University police brutalize peaceful protestors at UC Davis; do students bear some responsibility?

The video is chilling: a police officer walking along a line of students seated with arms linked, spraying them with pepper spray like one would spray a windowsill for mosquitoes. But these were people, huddling, screaming, non-threatening.

Pepper spray, also known as OC spray (from “Oleoresin Capsicum”), OC gas, and capsicum spray, is a lachrymatory agent (a chemical compound that irritates the eyes to cause tears, pain, and even temporary blindness) that is used in riot control, crowd control and personal self-defence, including defence against dogs and bears.[1] [2] Its inflammatory effects cause the eyes to close, taking away vision. This temporary blindness allows officers to more easily restrain subjects and permits persons using pepper spray for self-defense an opportunity to escape.

Although considered a less-than-lethal agent, it may be deadly in rare cases, and concerns have been raised about a number of deaths where being pepper sprayed may have been a contributing factor.[3] [from Wikipedia]

One should be very careful to second-guess police use of force when they are threatened, or when they are dealing with violent people, but there was nowhere near an excuse for the UC Davis police to attack the protesting students.
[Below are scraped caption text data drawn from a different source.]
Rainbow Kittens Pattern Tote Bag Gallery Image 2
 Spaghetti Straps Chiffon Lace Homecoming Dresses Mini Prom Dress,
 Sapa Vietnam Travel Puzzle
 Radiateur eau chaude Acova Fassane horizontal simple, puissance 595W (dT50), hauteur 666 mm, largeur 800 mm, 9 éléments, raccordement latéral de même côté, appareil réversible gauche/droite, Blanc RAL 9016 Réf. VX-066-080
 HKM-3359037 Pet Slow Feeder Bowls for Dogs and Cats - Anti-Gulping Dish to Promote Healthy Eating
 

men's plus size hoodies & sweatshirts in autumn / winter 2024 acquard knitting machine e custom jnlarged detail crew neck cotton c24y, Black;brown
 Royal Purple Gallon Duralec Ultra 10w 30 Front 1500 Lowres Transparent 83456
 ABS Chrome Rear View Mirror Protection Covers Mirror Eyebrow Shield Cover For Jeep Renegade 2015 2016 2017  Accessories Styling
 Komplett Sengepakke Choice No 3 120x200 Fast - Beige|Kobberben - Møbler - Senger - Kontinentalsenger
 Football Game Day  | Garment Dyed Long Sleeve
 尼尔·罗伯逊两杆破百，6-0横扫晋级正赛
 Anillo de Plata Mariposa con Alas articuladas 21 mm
The two cops who sprayed the students should face criminal charges, and Linda P.B. Katehi, the hapless chancellor of the Davis campus of the University of California, should be fired for ordering the police to clear the plaza where students were peacefully protesting. Her apology (“I feel horrible for what happened.”) came a day after she had defended her order as aimed at protecting the health and safety of the students. And “what happened” was what she had caused to happen.

So the chancellor exercised horrible judgment and at least two of the cops cheerfully committed mayhem against peaceful students exercising their right to assemble.

And yet…in a sense the students weren’t completely innocent. When a crowd gathers to get noticed it can start a chain of events that nobody wants. When students at Kent State (Ohio) University staged a mass protest, young and poorly trained National Guardsmen shot four of them dead. When peaceful civil rights advocates marched in Selma, Alabama, they marched into a riot by law enforcement officers.

The problem, even assuming no provocateurs hidden in the crowd, is that protestors need attention. If they don’t get enough they ratchet up the protest until the authorities finally react. And the reaction is sometimes uncontrollable. So the protestors must bear some responsibility for the outcome. And if Occupy Wall Street ends up in violence, the occupiers themselves will bear some of the blame.